The European Pensions Directive – which aims to slash the time underfunded schemes are given to make good any shortfall – will take effect from September 2005.
The directive requires every pension scheme to have sufficient and appropriate assets to cover “technical provisions” – a term lawyers say is deliberately vague to account for the UK’s specific funding requirements – at all times.
Hammonds’ head of international benefits practice Jane Marshall said: “There was a lot of concern whether there would be a Europe-wide funding standard in some way.
“We have taken this to mean it will allow for scheme-specific funding requirements. It’s not an additional funding requirement.”
However, the directive does state that institutions can only be underfunded for “a limited period of time”, which the government will have to work into its new regulations.
Currently, OPRA can grant firms elongated repayment extensions to make good a minimum funding requirement deficit.
But Sacker & Partners partner Peter Docking said this might have to change.
“There are areas where the department for work and pensions will have to think hard.
“Funding deficits are only permitted for a ‘limited period of time’. How does this fit in with common UK practice of spreading deficits over the average expected future working lifetime of active members? This might typically be 10 to 15 years. Is this too long?”
The directive also sets out “investment rules” for schemes. It states that assets should be “properly diversified in such a way to avoid excessive reliance on any particular asset, issuer or group of undertakings and accumulations of risk”.
Schemes will not be allowed to invest more than 70% of their whole portfolio in equities, negotiable securities treated as shares and corporate bonds.
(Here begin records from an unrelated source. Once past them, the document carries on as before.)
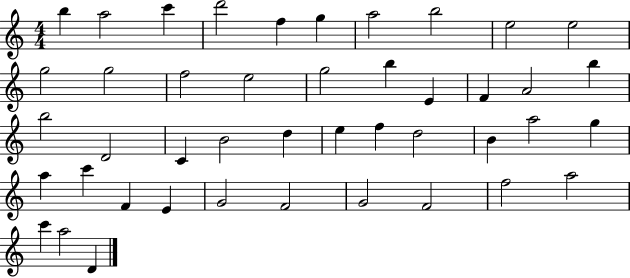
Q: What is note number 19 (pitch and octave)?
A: A4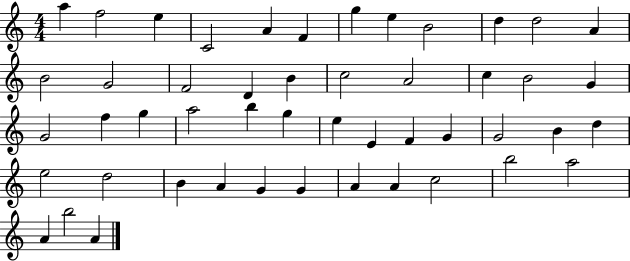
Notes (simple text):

A5/q F5/h E5/q C4/h A4/q F4/q G5/q E5/q B4/h D5/q D5/h A4/q B4/h G4/h F4/h D4/q B4/q C5/h A4/h C5/q B4/h G4/q G4/h F5/q G5/q A5/h B5/q G5/q E5/q E4/q F4/q G4/q G4/h B4/q D5/q E5/h D5/h B4/q A4/q G4/q G4/q A4/q A4/q C5/h B5/h A5/h A4/q B5/h A4/q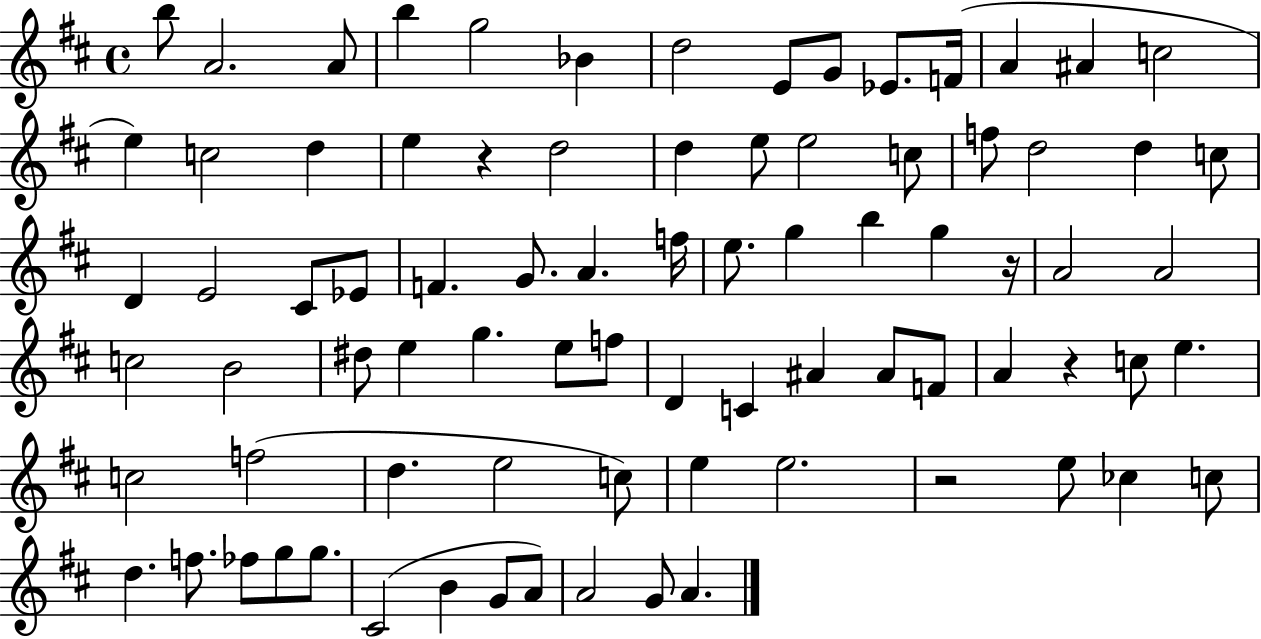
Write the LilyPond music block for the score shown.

{
  \clef treble
  \time 4/4
  \defaultTimeSignature
  \key d \major
  b''8 a'2. a'8 | b''4 g''2 bes'4 | d''2 e'8 g'8 ees'8. f'16( | a'4 ais'4 c''2 | \break e''4) c''2 d''4 | e''4 r4 d''2 | d''4 e''8 e''2 c''8 | f''8 d''2 d''4 c''8 | \break d'4 e'2 cis'8 ees'8 | f'4. g'8. a'4. f''16 | e''8. g''4 b''4 g''4 r16 | a'2 a'2 | \break c''2 b'2 | dis''8 e''4 g''4. e''8 f''8 | d'4 c'4 ais'4 ais'8 f'8 | a'4 r4 c''8 e''4. | \break c''2 f''2( | d''4. e''2 c''8) | e''4 e''2. | r2 e''8 ces''4 c''8 | \break d''4. f''8. fes''8 g''8 g''8. | cis'2( b'4 g'8 a'8) | a'2 g'8 a'4. | \bar "|."
}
An upper limit of 30% will also be placed on investing in “assets covering technical provisions in assets denominated in currencies other than those in which the liabilities are expressed”.
The pensions directive came into effect last month when it was formally published in the EU’s Official Journal.
*Separately, nearly half of Europe’s top multinationals are not considering the creation of a pan-european pension fund.
Reports highlight a survey by BASF, the German chemicals giant, which show that 53% of a 36-strong sample of companies doubted the efficacy of the directive and criticised the lack of tax unity as a major obstacle.